Sir: James Forsyth’s interview with Amber Rudd (‘The Amber Express’, 19 March) was very revealing, but also slightly disappointing. She is right about the succession of ‘zealots’ who preceded her in setting British energy policy, but after the billions wasted on wind and solar, paid for by stealth taxes added to our electricity bills, and now providing around 2 per cent of capacity, does she still support the drive towards ‘renewable energy’? Britain now has the most expensive electricity in Europe, hardly an encouragement for business investment.
After years of negotiations, escalating costs and serious questions about EDF’s technology and financing problems, the minister had a very strong case to cancel the proposed nuclear power station at Hinkley Point, if politics had not intervened. Far more promising than Hinkley is Rolls-Royce’s work to develop a fleet of smaller reactors. With a green light, the first one could be operational within ten years at a cost of £1.25 billion.
The world energy market has been changed dramatically by the development of shale gas, the reappraisal of fossil fuel reserves and the falling price of oil. There is still a serious risk that the lights could go out next winter, and still the minister seems to have no answers or viable long-term plan for Britain’s energy security at a cost that provides value for consumers and a competitive edge for industry… and I don’t believe that her EU ‘energy union’ will take us down the right road.
Bembridge, Isle of Wight
Why visitors need visas
Sir: Sir Timothy Sainsbury is somewhat disingenuous when he dismisses visa requirements for Turkish visitors (Letters, 26 March). Visa requirements allow the issuing officer to check information such as employment position, available finances, family circumstances and so on thoroughly, rather than trying to do all this at passport control with impatient queues building up.
As Sir Timothy realises, once in the United Kingdom, our Turk can join the hundreds of thousands of people from all nations working illegally, often with genuine National Insurance numbers, whatever is ‘allowed’ by the endorsement in his passport, and with a close to zero chance of being found out.
While Sir Timothy was being responsible for consular affairs all those years ago, I was merely trying to decide whether to stamp a Turk’s passport or put him back on the plane before he made a spurious claim for political asylum — so what would I know?
When to eat hot cross buns
Sir: I’m pleased I’m not the only person who wonders about when to eat hot cross buns (The Spectator’s Notes, 26 March). Like Charles Moore, I don’t want a treat, even a low-level treat, on Good Friday. Some years ago I started a tradition of hot cross buns for Holy Saturday breakfast.

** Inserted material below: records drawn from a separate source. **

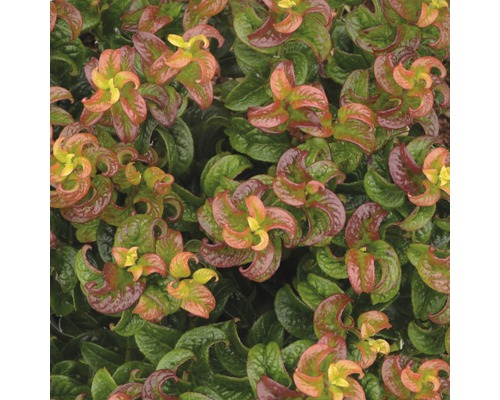 Traubenmyrthe Kugel FloraSelf Leucothoe axillaris 'Twisting Red' H 30-40 cm Co 6 L Detailaufnahme einer Korkenzieherhasel mit grünen und roten Blättern.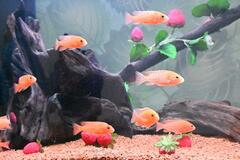 水中に揺れるイチゴたち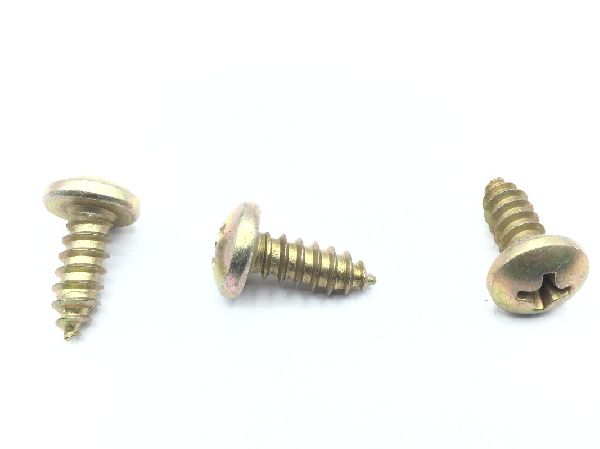 MS51861-45 Tapping Screw (4)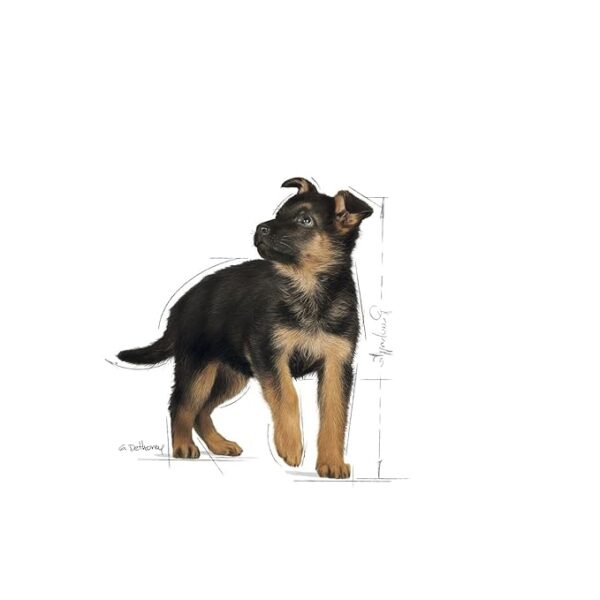 Royal Canin Maxi Puppy 4 KG - Image 3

If it weren’t for the seasonal aspect, I probably wouldn’t eat a hot cross bun from one year to the next; as it is I look forward to them. The family have asked for more, so I will probably have an Easter morning breakfast of hot cross buns and bacon to go with my traditional Easter breakfast champagne. Having given up sweets, chocolate, alcohol and meat for Lent, I will probably make myself ill. But if you can’t celebrate the Resurrection, then what can you celebrate?
Respect low-paid workers
Sir: In his article (‘Why we need migrants’, 26 March) Theodore Dalrymple touches on an important point, namely, the stigma we in the UK attach to those in low-skilled jobs such as checkout cashiers. I travel abroad regularly and don’t see the same cultural hang-ups about those in low-paid positions in Italy or France. It’s no surprise that British young people are averse to these jobs. Who else can fill them but migrants from countries where work of any nature is held in high regard? Perhaps paying due respect toward these workers would help curb migration to the UK.
Nothing illegal about them
Sir: In his article ‘Bordering on insanity’, (12 March), Rod Liddle uses the term ‘illegal asylum seekers’. There is no such thing. Asylum seekers flee to seek refuge; they are not doing anything illegal. To say otherwise confuses asylum seekers with criminals — which is incorrect, inhumane, and potentially dangerous for these vulnerable individuals.
Shoaib M. Khan
Sir: I refer to Jenny McCartney’s piece on public toilets (12 March). We are pleased Jenny appreciates the Pond Square toilets, as many of us in Highgate do. The square, incidentally, takes its name from two ponds which existed until the Victorians filled them in for sanitation reasons: it was said that drains and privies ‘had been made to discharge their contents’ into the ponds. Closing public toilets is always a step backwards.
On a more positive note, we have been collaborating with Camden council to find a long-term solution for public toilet provision across the borough. This is an urgent issue everywhere. Budgets shrink, but intelligent solutions have to be found.
The Highgate Society, London N6
A reason to ski
Sir: David Snow (Letters, 19 March) says that thanks to cross-European pensioner benefits, he was able to get a free ski-lift pass in Les Arcs. We in Wales can’t even use our free bus passes in London; perhaps we should holiday in France instead.